После кормления кашей, Татьяна принялась Яшку кормить грудью, он до того насосался, что срыгнул и горько взревел.
– Да он, у меня какой-то чересчур беспокойный. День-деньской не уснёт, не успокоится!
– Да ему, наверное, уже пора ходить! Ну-ка вставай на ножки! Дыбы! Дыбы! Шагай, шагай смелее ко мне! – принялась обучать первым шажкам Яшку его бабушка Анна. Яшке, видимо, понравилось это занятие и он научился делать первые шаги.
– Ай да Яшка! Больной, я ходить сразу научился, – похвалила его Любовь Михайловна.
– Да ему, уж третий годик попёр, пора и ходить выучиться, – отозвалась яшкина мать Татьяна.
– Вылупившегося цыплёнка обратно в яйцо не затолкаешь. Вот на Яшка частенько прибавляет, растёт как пузырь, вот уж и ходить научился! – с похвалой высказалась Анна. – Только бы кто не сглазил, а то дурной глаз, он всего коварнее! – с чувством опасения добавила она.
– А мне, кажись, кумоха-лихорадка, болезнь ещё страшнее! Ей захвораешь так она затрясёт до-смерти! – высказалась Дарья Федотова на счёт того какая болезнь пагубнее для человека.
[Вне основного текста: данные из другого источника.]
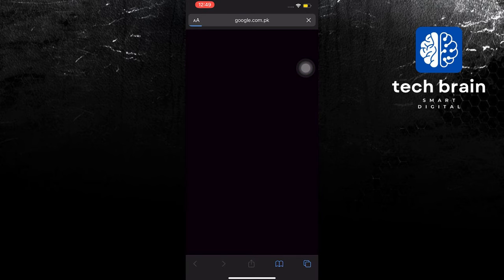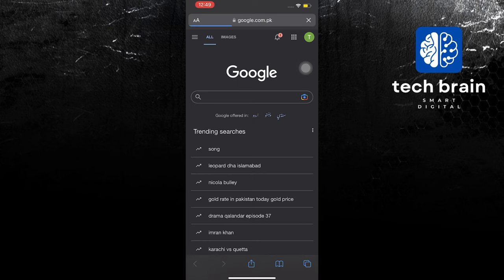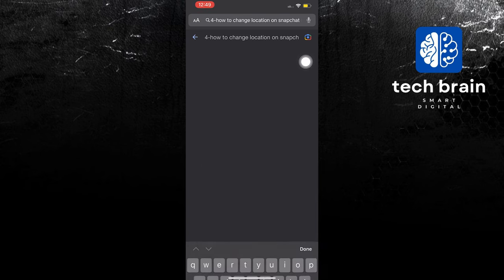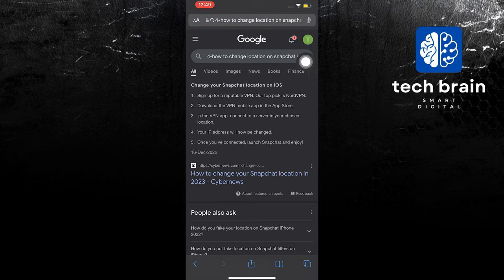To start, open your internet browser in your mobile device. In here, you will search how to change location on Snapchat Map.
– А вон у Митьки, семья опять прибавилась.
– Или Марья опять родила?
– Ну да, вечор повитуха к ним прошла. Родила, да видно не удачно.
– А что?
– Родильная горячка пристала.
– А ково она родила?
– Мальчишку, опять парня. Уже третьего и все почти погодки.
– И когда только, этот Митька успевает ребятишек стряпать, вроде всё время пьяный?! – с возмущением высказалась Дарья.
– Вот пьяные-то только и знают: пьют, да постоянно к жёнам лезут, – заметила Анна.
– Его, только третьево дни пьяного, едва вволокли в избу. Откуда-то из поездки припёрся пьяный вдрызг и без лошади. Мать его спрашивала где лошадь, а он с пьяных глаз только мычит и бурчит. Так ничего и не поняла. Уж, добрые люди вчера привели лошадь-то совсем с запряжкой.
– Эх, где бы гусей достать на развод, – переведя разговор на другую тему, спросила Любовь Михайловна.
– Тебе, чай, не гусей, а гусиных яиц надо под наседку? – переспросила её Дарья.
– То-то да, яиц гусиных. У кого бы достать с десяток. В прошлом году, я сажала курицу-наседку на пяти гусиных яйцах, а они, видать, жировыми оказались, ни одного гусёнка не вывелось.
– Любанька, это вон ваша свинья-то ходит? – спросила Анна.
– Наша, а что?
– Уж больно разжирела!
– Мы её и кормим-то одними отходами, да болтушкой. Она у нас как копилка, – с похвалой к скотине отозвалась Любовь Михайловна.
– Не, скотинушку, не обманешь. Человека обмануть можно, а свинью нет. Вон она у вас как разжирела, наверное, не только с отходов, а наверное и зерница, вы ей подбрасываете, – с критикой, но и не без зависти, добавила Дарья.
Слушая бабий разговор, но не вникая в его подробности, ребятишки, вернувшись с потребиловки, Ванька и Васька, сначала играли между собой, а потом пробуя силу, принялись бороться; с лужайки перекатились в придорожную грязь и извозились в ней как черти.